Figure 10. mTORC2 inhibition promotes memory generation.

Figure 10

(AE) 1.5 × 105 naive sorted OT-I+ T cells were transferred into WT CD90.2+ recipients infected with vaccinia-OVA. (A and B) Mice were given secondary infection of lm-OVA 133 days after initial infection, and 7 days later, the percentage and absolute number of recovered OT-I+ splenocytes was determined (n = 20). (C) Experimental schematic for D. (D) Flow cytometric analysis of the percentage of OT-I+ cells recovered from blood 35 days after primary infection, with statistics shown on the right (n = 9) (top).

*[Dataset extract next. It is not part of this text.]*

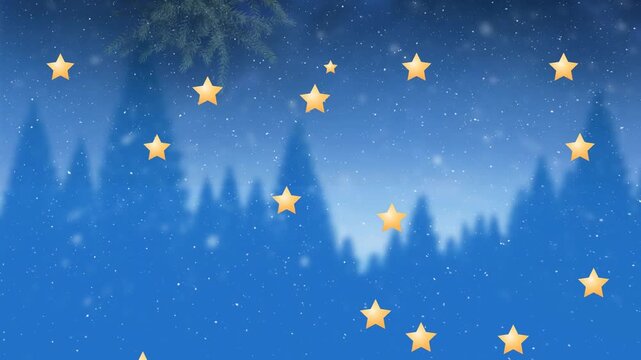 Animation of stars and snow falling over winter landscape at christmas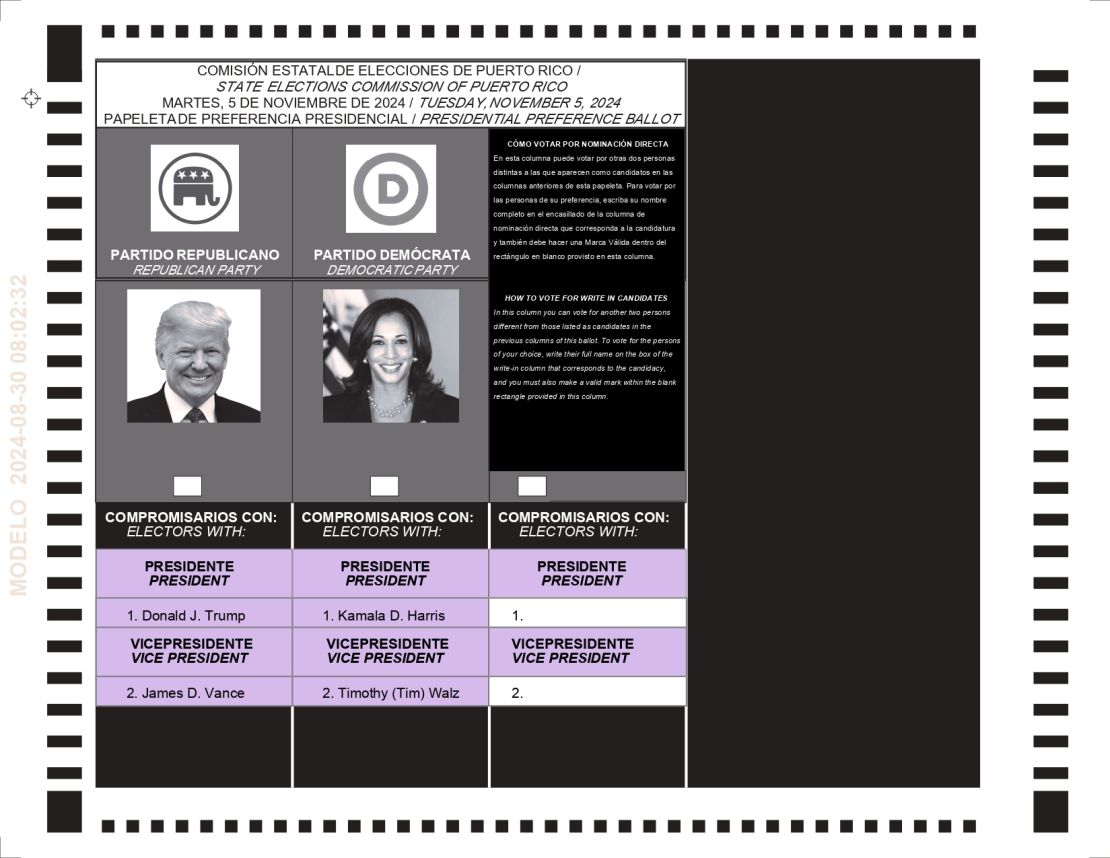 Una papeleta de muestra de preferencia presidencial que se usará en Puerto Rico para las elecciones generales de EE.UU.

OT-I+ cells were purified after harvest on day 35, transferred into new recipients infected with vaccinia-OVA, and 6 days later, percentage of OT-I+ PBMCs was determined (labeled as “D6 after 2nd AT”), with statistics shown to the right (n = 7) (bottom). (E) CD62L and CD127 expression of recovered OT-I+ splenocytes 35 days after primary infection (n = 9). (F) p-FOXO1 protein expression was detected from in vitro–stimulated and IL-7– and IL-15–expanded CD8+ T cells with or without restimulation. Data are representative of at least 3 independent experiments. For the box-and-whiskers plots, the whiskers represent the minimum and maximum values, the box boundaries represent the 25th and 75th percentiles, and the middle line is the median value. **P < 0.01, ***P < 0.001, Mann-Whitney t tests.